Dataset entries
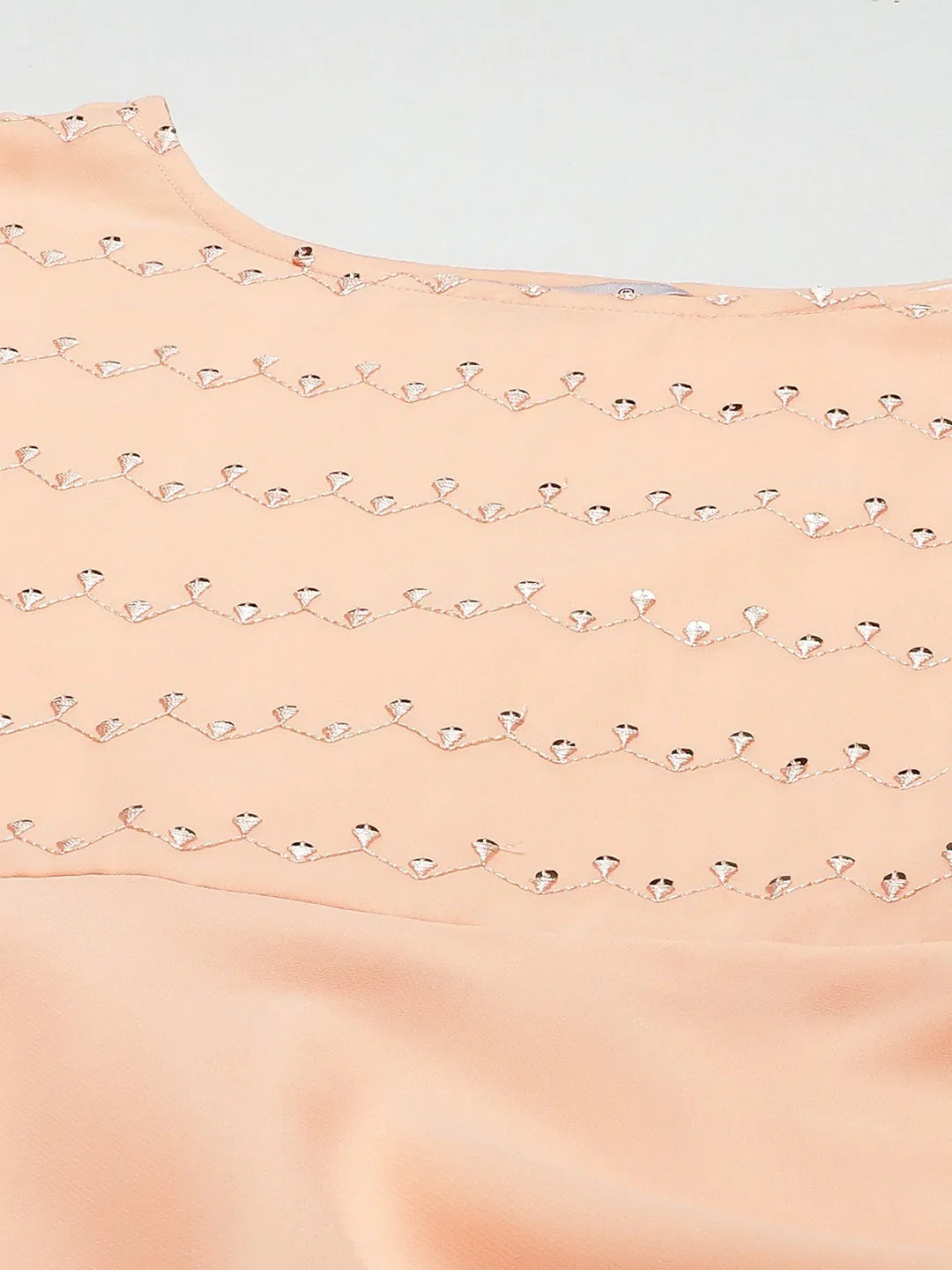 Women Peach Embroidered Regular Sequinned Kurta with Trousers & Dupatta ( JOKS D19Yellow 1383 Peach )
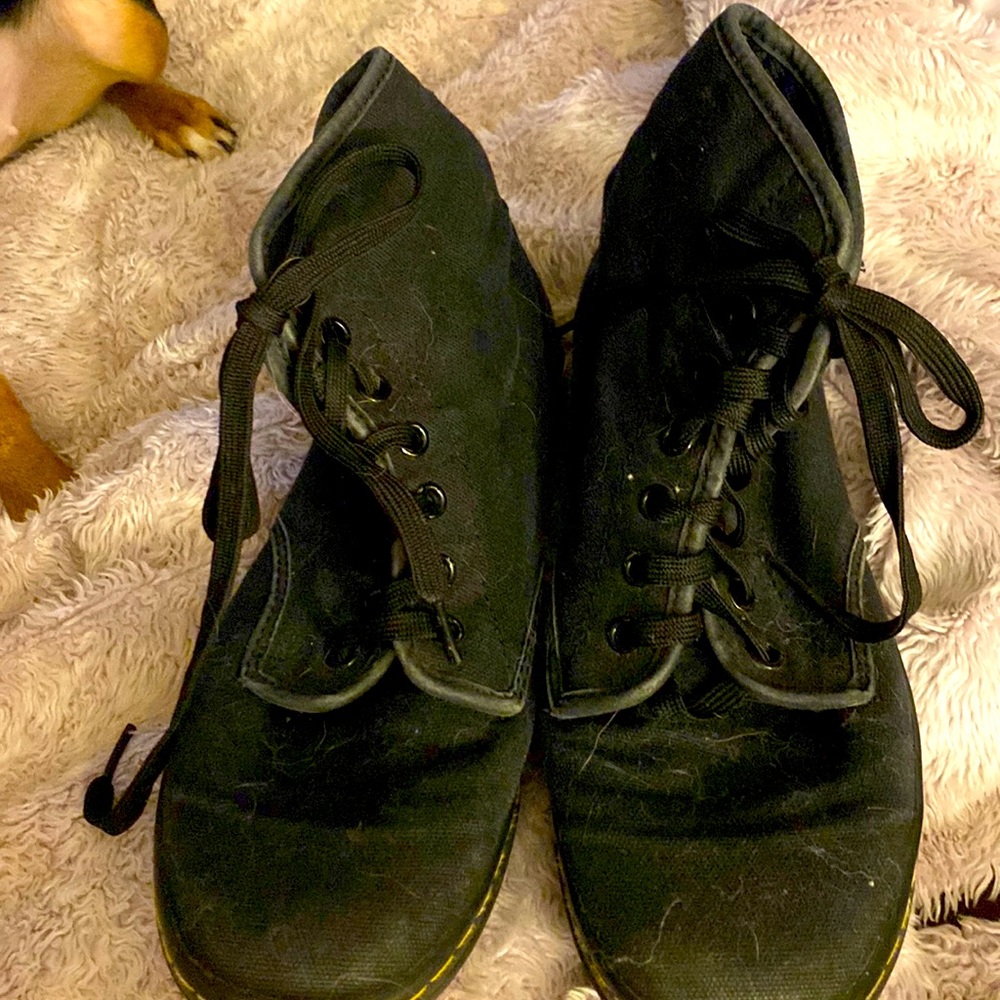 Doc martens high top canvas black sneakers size 8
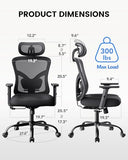 NOBLEWELL Ergonomic Office Chair with Padded Lumbar Support, 2D Headrest, Adjustable Armrests, Upgraded Contoured Seat Cushion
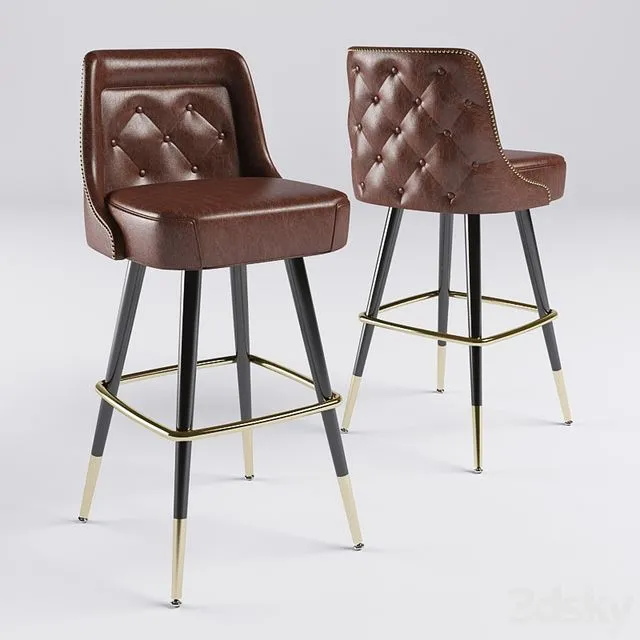 Outlined Bar Lounger 3dsMax Model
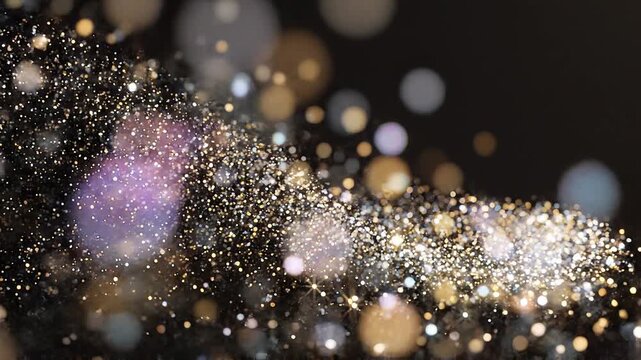 Shimmering particles flying through a dark space with colorful orbs and lights.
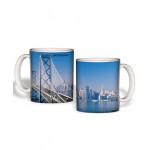 White Mug (15 Oz., San Francisco Skyline Mug Sublimated) with Logo
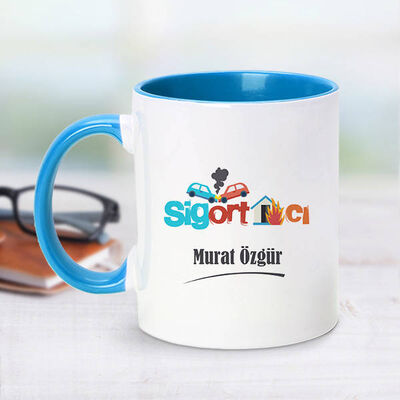 Sigortacı İçin Mavi Kupa Bardak - 1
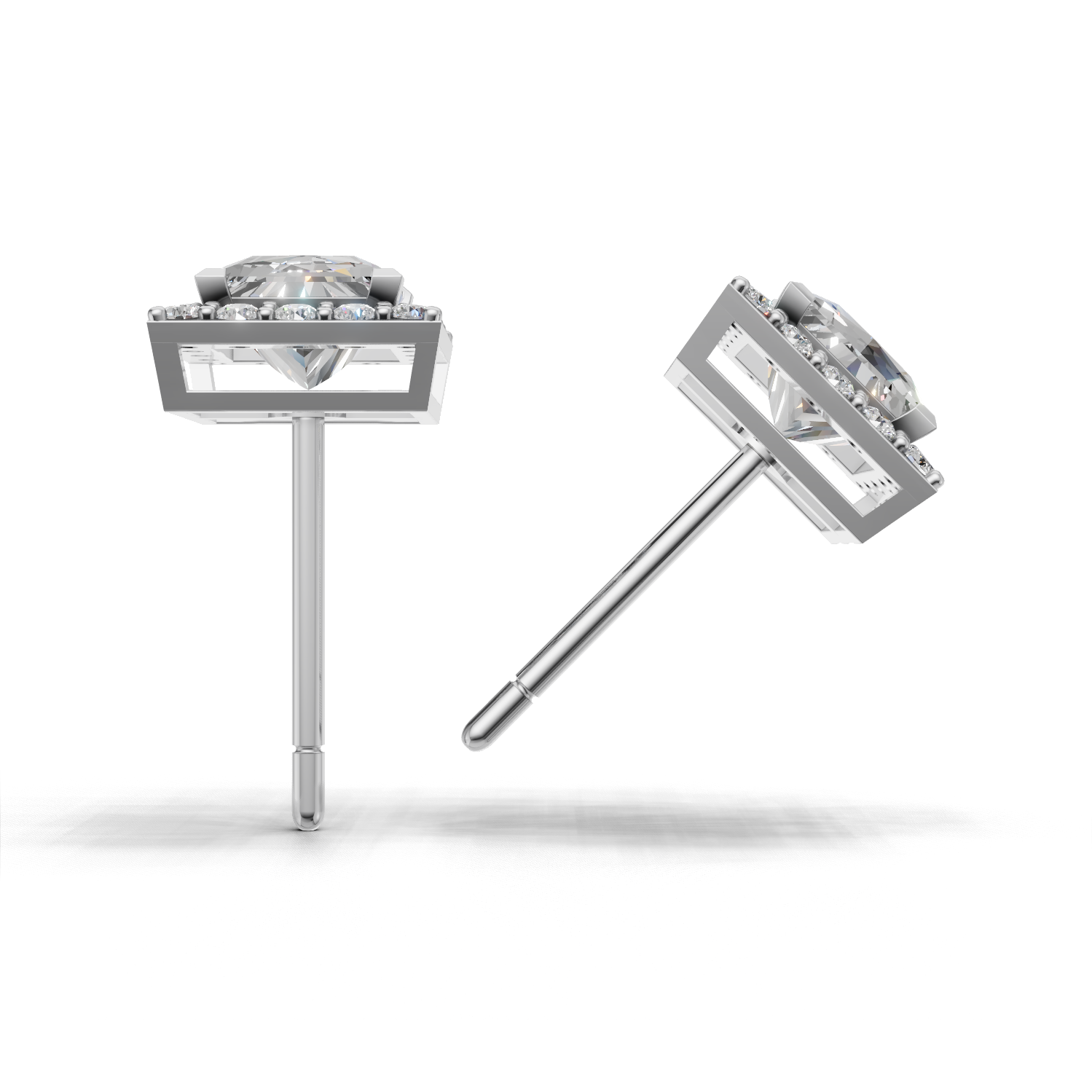 Pierce Princess Halo 18k White Gold 1ct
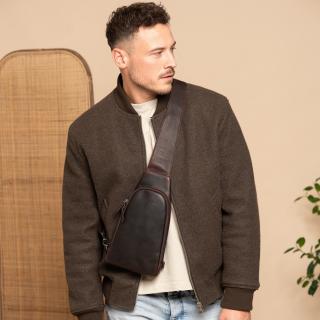 Geanta crossbody, din piele naturala, The Chesterfield Brand, Bowey, Maro inchis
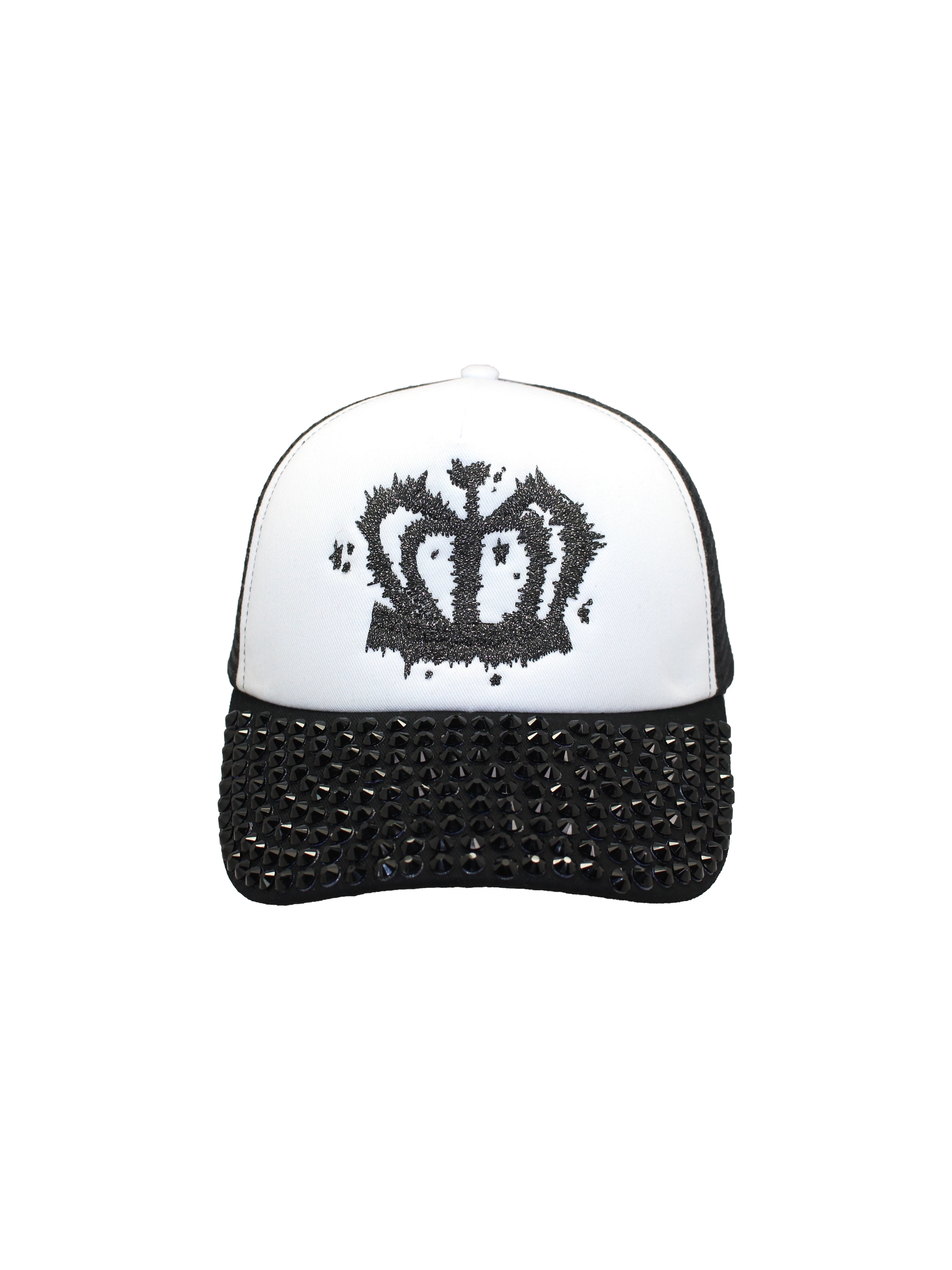 Chai (Disassembled) Crown Metal Wire Embroidery Beaded Trucker Hat
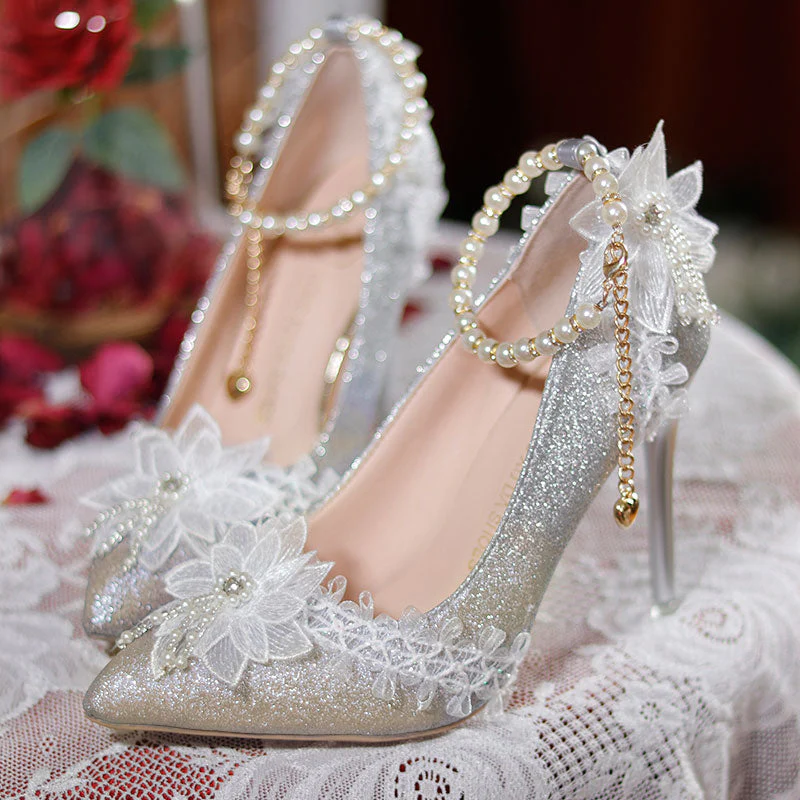 Lace Floral Handmade Heels Shoes - Image 3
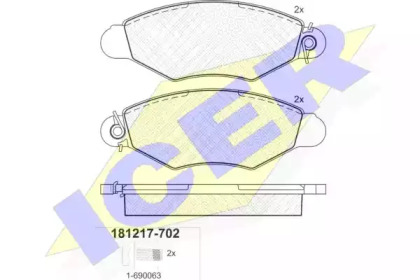 Колодки гальмівні (передні) Renault Kangoo 97-/Nissan Kubistar 03- ICER 181217-702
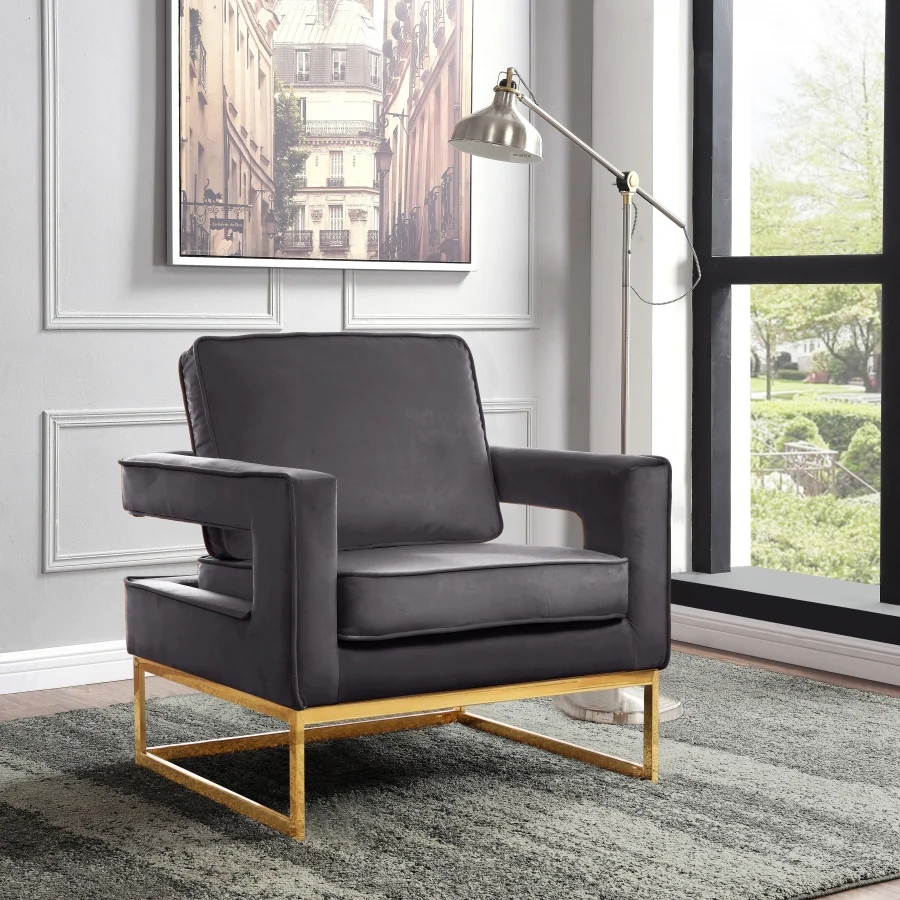 Noah Velvet Upholstered Accent Chair - Image 10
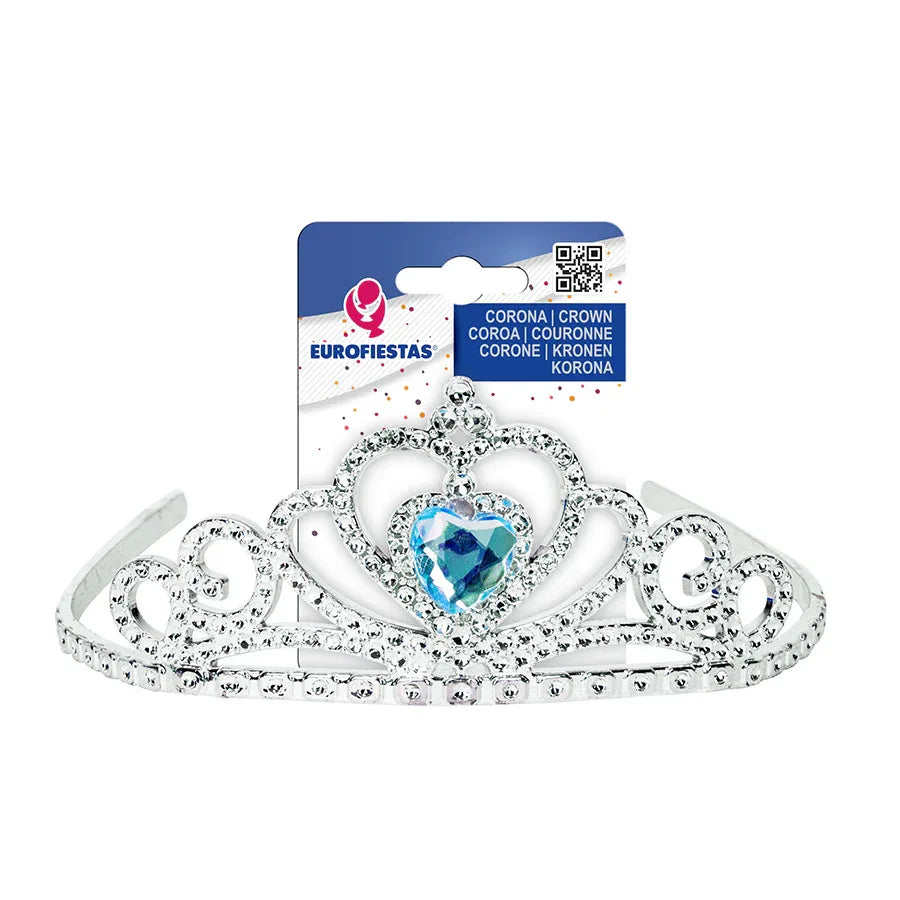 CORONA DIAMANTE CORAZON AZUL - yupiparty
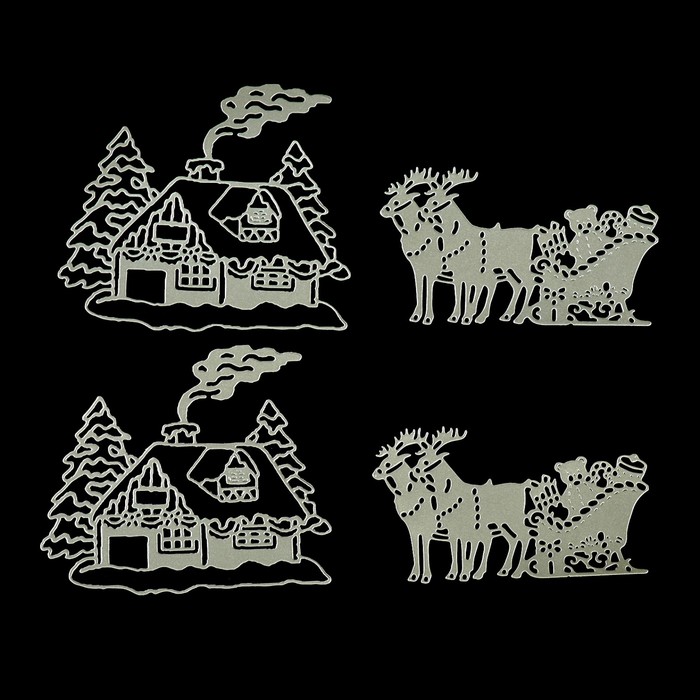 Фигурные вырубки "Зимняя сказка-1" (набор 4 шт) 11,5х10, 10,7х6,3 см серебро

Aim of the exercise → Return every record above exactly as written, but drop the pictures.

Result for this task →
 Women Peach Embroidered Regular Sequinned Kurta with Trousers & Dupatta ( JOKS D19Yellow 1383 Peach )
 Doc martens high top canvas black sneakers size 8
 NOBLEWELL Ergonomic Office Chair with Padded Lumbar Support, 2D Headrest, Adjustable Armrests, Upgraded Contoured Seat Cushion
 Outlined Bar Lounger 3dsMax Model
 Shimmering particles flying through a dark space with colorful orbs and lights.
 White Mug (15 Oz., San Francisco Skyline Mug Sublimated) with Logo
 Sigortacı İçin Mavi Kupa Bardak - 1
 Pierce Princess Halo 18k White Gold 1ct
 Geanta crossbody, din piele naturala, The Chesterfield Brand, Bowey, Maro inchis
 Chai (Disassembled) Crown Metal Wire Embroidery Beaded Trucker Hat
 Lace Floral Handmade Heels Shoes - Image 3
 Колодки гальмівні (передні) Renault Kangoo 97-/Nissan Kubistar 03- ICER 181217-702
 Noah Velvet Upholstered Accent Chair - Image 10
 CORONA DIAMANTE CORAZON AZUL - yupiparty
 Фигурные вырубки "Зимняя сказка-1" (набор 4 шт) 11,5х10, 10,7х6,3 см серебро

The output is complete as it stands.